Work on a 112-unit condominium project encompassing seven buildings on the edge of downtown Sudbury could begin as early as next fall.
Tom Corbett, president of Options for Homes Greater Sudbury, announced details of The Village on Mackenzie at a press conference Oct. 10. The $35-million project will replace the former St. Louis de Gonzague School building, which has been closed for decades.
First opened in 1928, Corbett said preserving the existing structure wasn’t an option.
“We had two feasibility studies done … and their assessment was that, first of all, this building has supported the brick outside,” he said. “The heat from the building supports the brick. If we were to insulate the inside, that brick would fail. So we would have to close off the outside, which would defeat the purpose of preserving this building. It wouldn’t be the same building.
“The other point is, when you look at the feasibility study, you’re looking at $6 million to $7 million to renovate this building. Each one of those (apartment) clusters is $5 million. So what you end up with is 48 units, instead of seven buildings each with 16 units. So it wasn’t feasible.”

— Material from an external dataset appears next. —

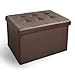 Produktbild Floordirekt Faltbare Sitzwürfel Belmondo | Kunstlederbezug | Hocker | Sitzbox | 4 Farben | Auch als Sitzbank erhältlich (Sitzbank, Braun)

If it goes ahead, Corbett said it would be the biggest single development in 30 years in downtown Sudbury. Each building would have 16 units with two bedrooms each, two bathrooms and a parking space located inside the building. An additional 60 parking spaces would be located on the property. Each until would sell for just under $300,000.

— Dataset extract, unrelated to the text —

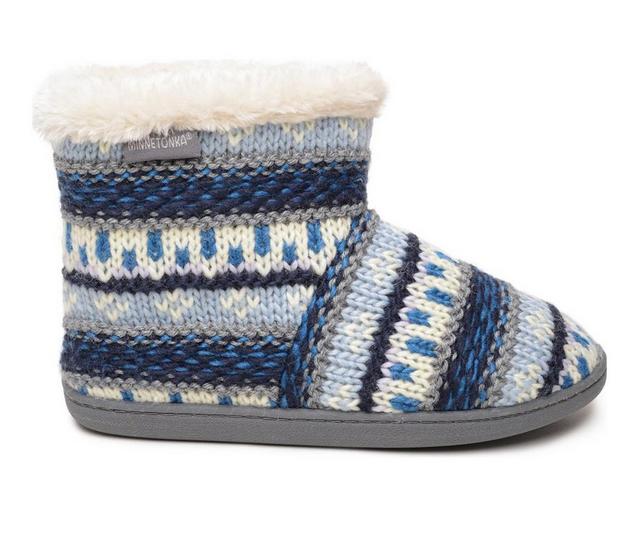 Minnetonka Women's Betty Slipper Bootie in Blue Multi color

“A $35-million condominium development, it will be a real game-changer for the centre of our city,” Corbett said. “We believe our development is perfectly aligned with the development that is happening and that is planned for the downtown.”
Those developments include the new school of architecture, the new art gallery, the casino and arts and convention centre.
“We are an easy walking distance from all the services available downtown,” he said. “It’s an ideal situation for residents who want no upkeep, a turnkey situation if they want to travel.”
So far, six units have been spoken for, Corbett said. Before they begin construction on the first building, 14 of the 16 units have to be sold. The goal is to begin work in fall 2013.
A $35-million condominium development, it will be a real game-changer for the centre of our city.
president of Options for Homes Greater Sudbury
“We would like to see it become a true village for friends and family,” he said. “It appeals to professionals, to retirees, young professional couples — we would like to see a good mix of urban dwellers.
“Our smallest unit is 1,080 square feet, with even more living space if you count our decks and balconies.”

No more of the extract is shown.